The move appeared to contradict what Galarneau perceived about student interest of public health at Wellesley. “There’s ongoing interest, and even growing interest,” Galarneau said. She cited the WGST department’s historical curricular strength in health and healthcare as a motivating factor in creating the minor.
“I don’t know why it’s being dropped. [Velenchik’s] explanation is that faculty who did primary teaching in that area have left. And the College has been in an era of reducing the size of the faculty. But I can’t explain the prioritization of this — that’s a question for the administration,” Galarneau continued.
Reverby was not surprised about the College’s decision to suspend the minor, and points to the ongoing financial difficulties the College has faced in recent years. “Given the kinds of cutbacks that have been in the faculty, both because of the retirement program and also the financial needs of the College, there hasn’t been hiring. I knew when I retired that I wasn’t going to be replaced exactly,” she said.
The loss of the health and society minor comes in the wake of the Voluntary Retirement Program (VRP), a one-time retirement program that offered incentives to faculty and staff members over a set age and experience threshold. The VRP contributed to the administration’s efforts to achieve a sustainable operating budget.
In spring 2018, President Paula Johnson thanked the success of the VRP in “streamlining” operations and cutting costs. “In order to accomplish the needed reduction in the overall size of the faculty, the majority of tenure-track lines vacated as a result of the VRP will not be replaced,” Johnson stated in her email announcement.
As previously reported, faculty across all disciplines were worried about the curricular effects the VRP. Thirty-four faculty members across numerous departments took the package, including Galarneau.
“Those of us who were in that position back then, we had no idea what it would mean. We knew the College was looking to reduce faculty, but we didn’t know what that meant for any individual program, because no one knew how many people would actually take it,” Galarneau said.
Reverby retired just before the VRP announcement, but still acknowledges its role, and retirement in general, as a key factor in the suspension of the minor. “The problem with the buyout is that it’s not purposeful because it’s up to people’s personal decisions, so one department could lose large numbers of people just on the age gradient. The College has to make hard decisions all the time about whose needs can they address,” she said.
Despite the loss of the minor, students will still be able to incorporate courses related to public health into their studies. “All the intro courses talk about women’s health among the many other topics they cover.
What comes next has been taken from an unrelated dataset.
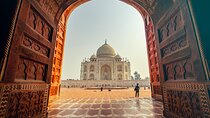 Full Day Private Tour to Taj Mahal and Agra Fort from Delhi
So students who want to know more about these topics will still find them in our courses and in courses in other departments in the College,” explained Hertz.
The degree to which students will be able to pursue those interests is unclear. As Reverby notes, students may need to pursue an independent major in the topics, just as students did prior to the establishment of the minor. “The memo doesn’t address the issue of whether or not students will be able to pull together enough courses to make a coherent major in health and society,” she said.
Velenchik’s memo also notes that CCAP would consider alternative designs and departmental homes for a program derived from the health and society minor.
The founders of the minor take hope in the continued interest across the student body. “There’s a lot of ways in a student’s curriculum to explore her interest in this area. I just want to encourage students to not feel completely discouraged by this,” said Reverby.
“Disappointing as this suspension is, it’s heartening that it’s not a closure. I take hope in that,” explained Galarneau.